Task objective. With the pictures omitted, repeat exactly the lines below starting with the line that has "Intel第十二代Alder Lake Core i5-12500簡測" and going on through the line that has "Solar Pool Fountain".

** Information follows **

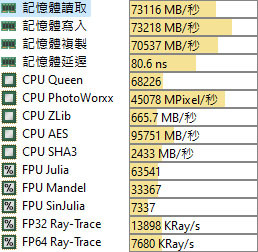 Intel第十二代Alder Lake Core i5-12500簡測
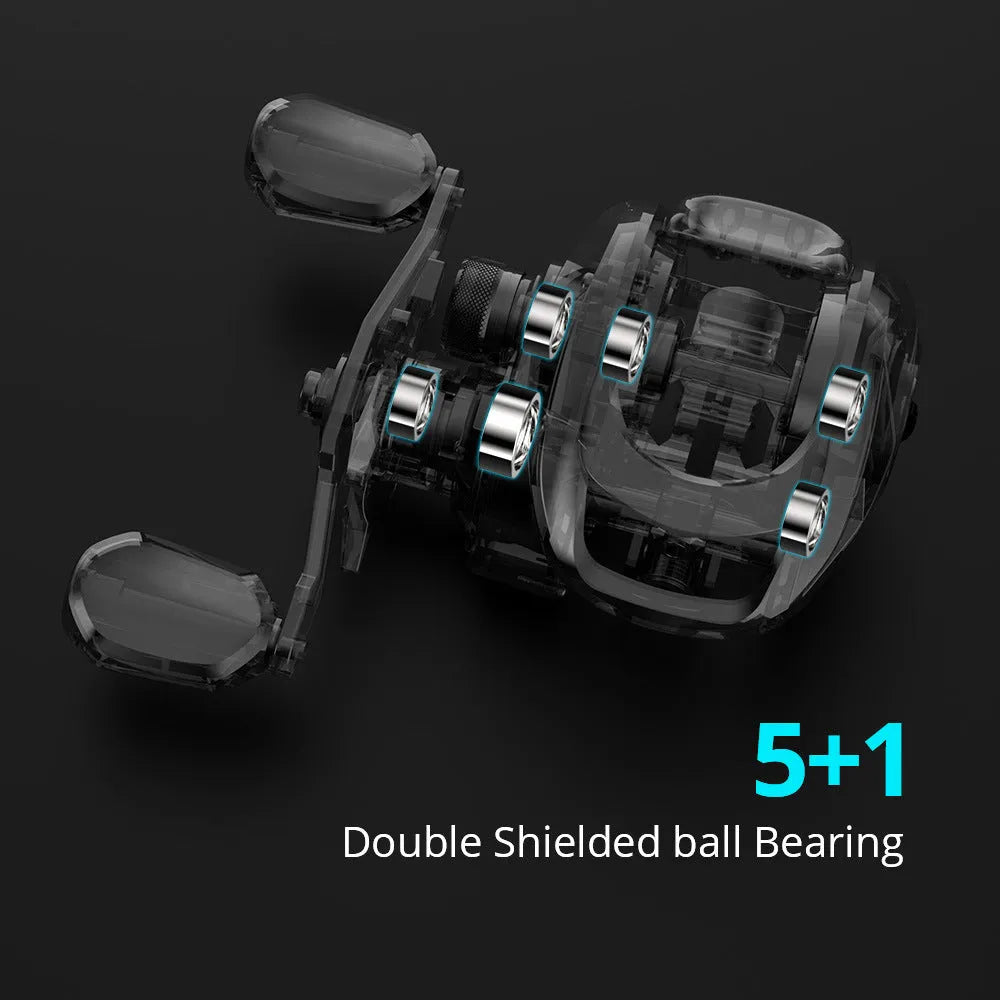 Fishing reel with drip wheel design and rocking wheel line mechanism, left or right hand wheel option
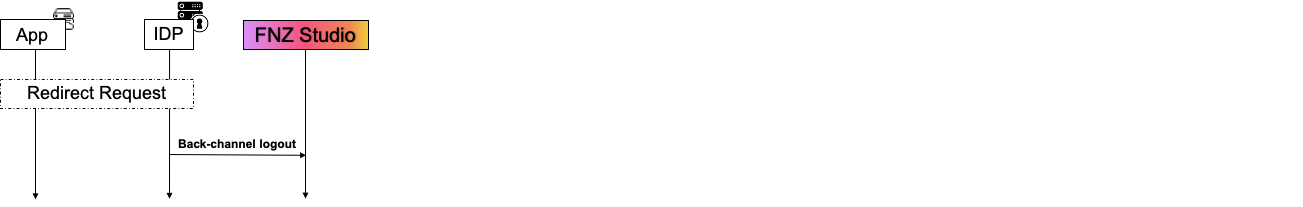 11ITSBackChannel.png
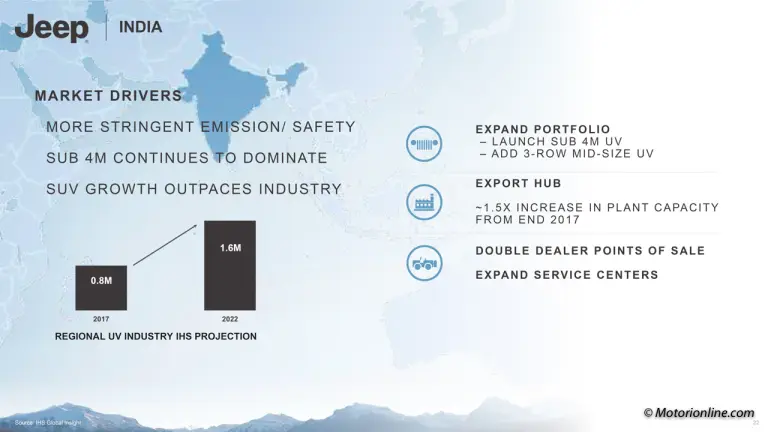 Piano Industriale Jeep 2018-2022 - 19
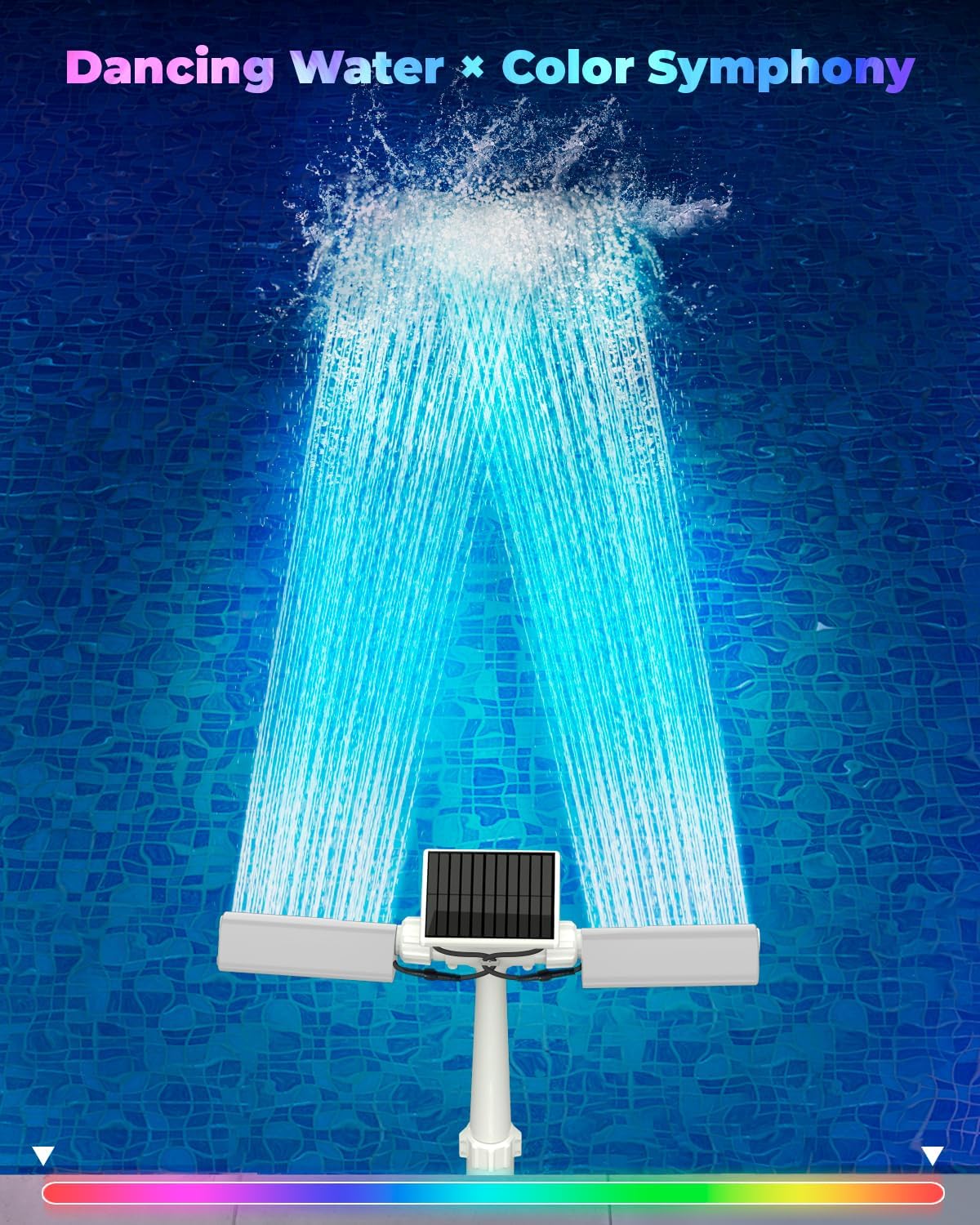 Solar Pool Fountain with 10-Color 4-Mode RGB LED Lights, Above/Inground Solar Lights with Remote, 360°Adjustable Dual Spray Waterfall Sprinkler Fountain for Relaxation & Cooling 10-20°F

** End of Information **
** Information follows **

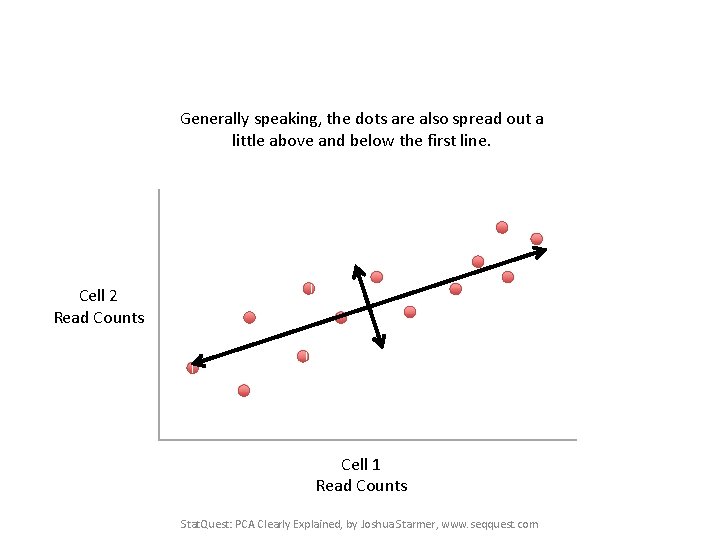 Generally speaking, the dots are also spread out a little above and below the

** End of Information **
** Information follows **

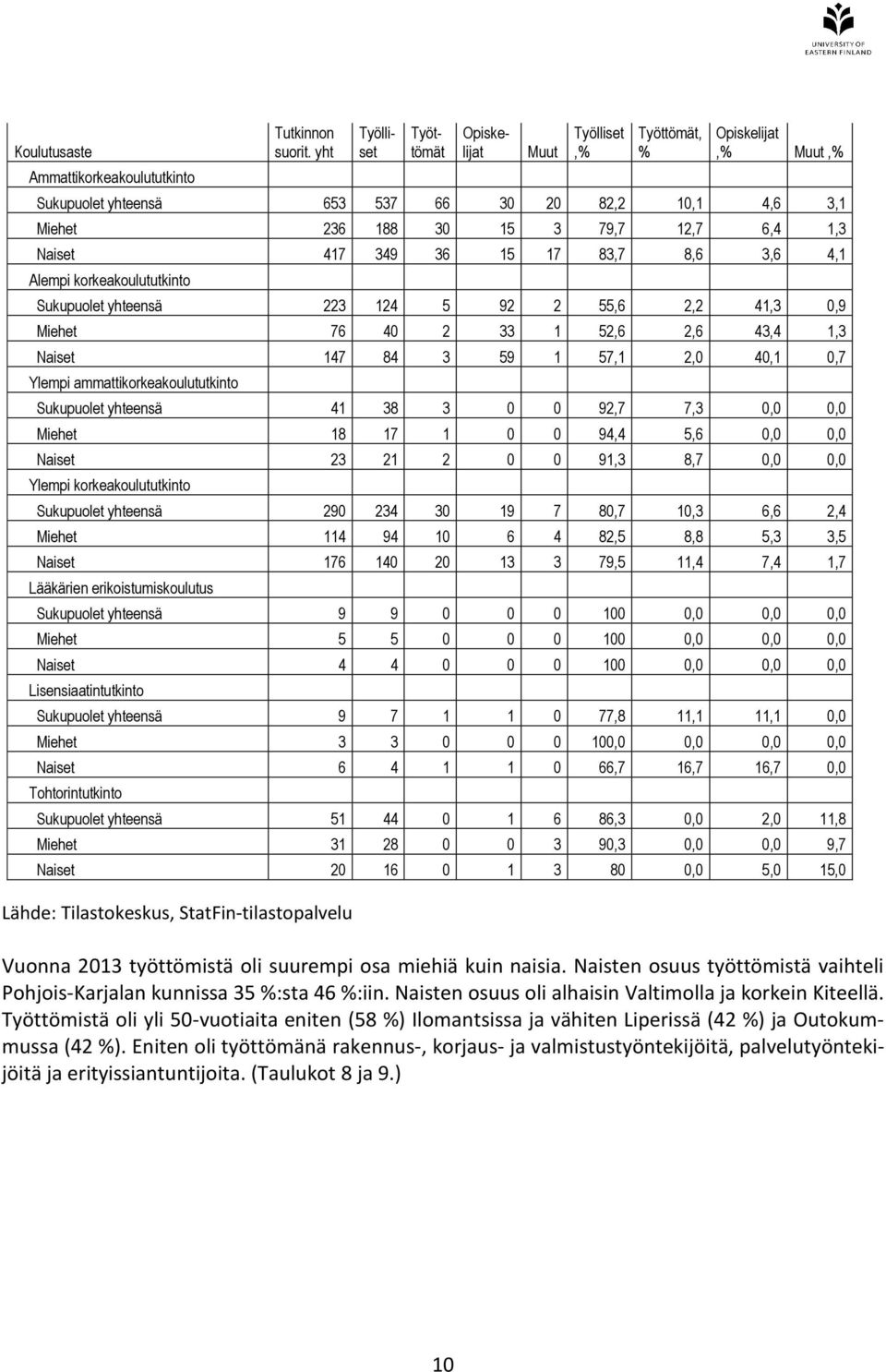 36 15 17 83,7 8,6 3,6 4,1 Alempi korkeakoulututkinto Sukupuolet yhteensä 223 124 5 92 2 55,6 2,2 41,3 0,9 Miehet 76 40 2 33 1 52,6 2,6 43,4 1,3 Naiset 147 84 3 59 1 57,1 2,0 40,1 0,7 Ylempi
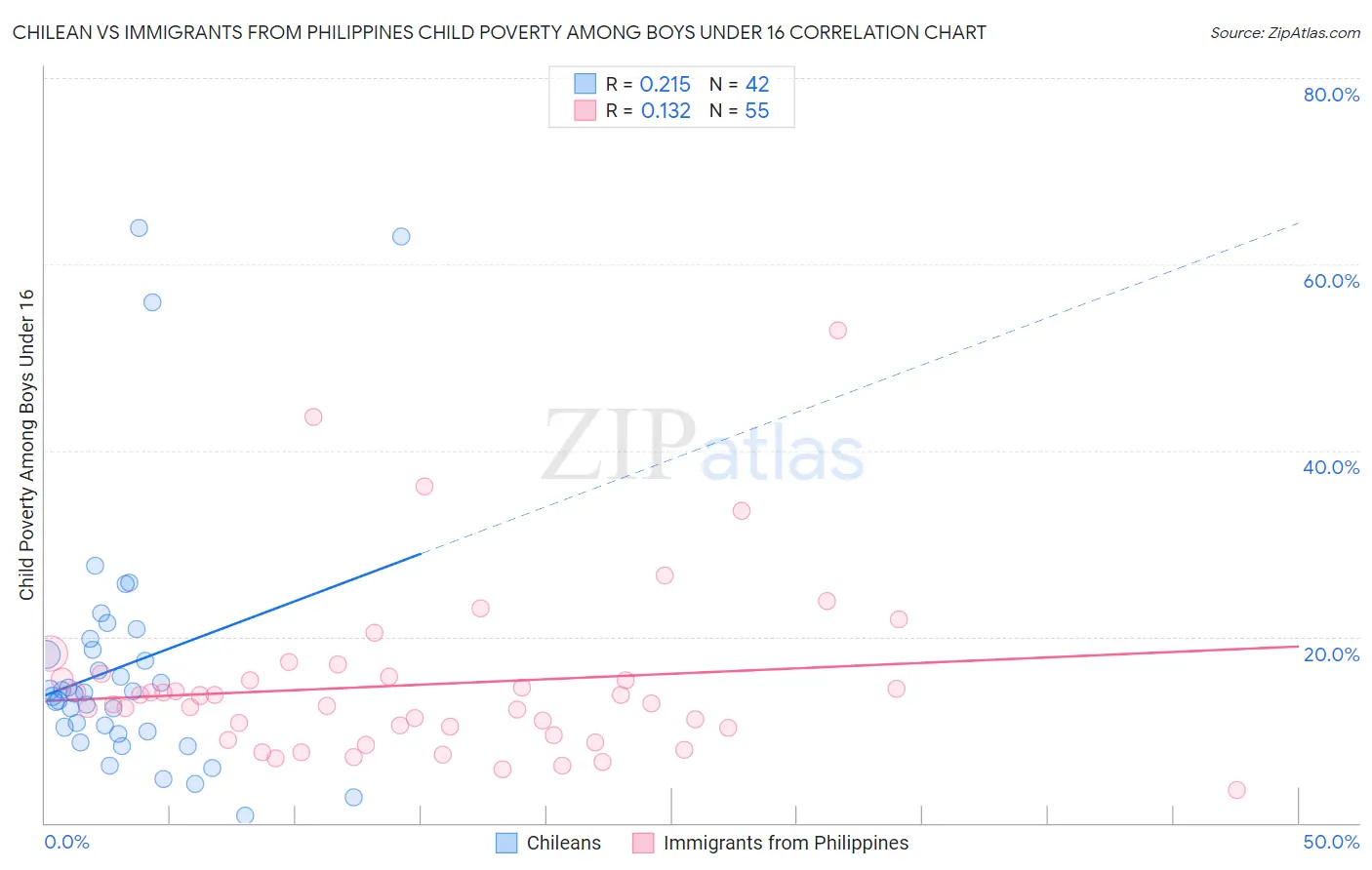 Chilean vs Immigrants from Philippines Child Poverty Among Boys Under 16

** End of Information **

Output below.
 Intel第十二代Alder Lake Core i5-12500簡測
 Fishing reel with drip wheel design and rocking wheel line mechanism, left or right hand wheel option
 11ITSBackChannel.png
 Piano Industriale Jeep 2018-2022 - 19
 Solar Pool Fountain with 10-Color 4-Mode RGB LED Lights, Above/Inground Solar Lights with Remote, 360°Adjustable Dual Spray Waterfall Sprinkler Fountain for Relaxation & Cooling 10-20°F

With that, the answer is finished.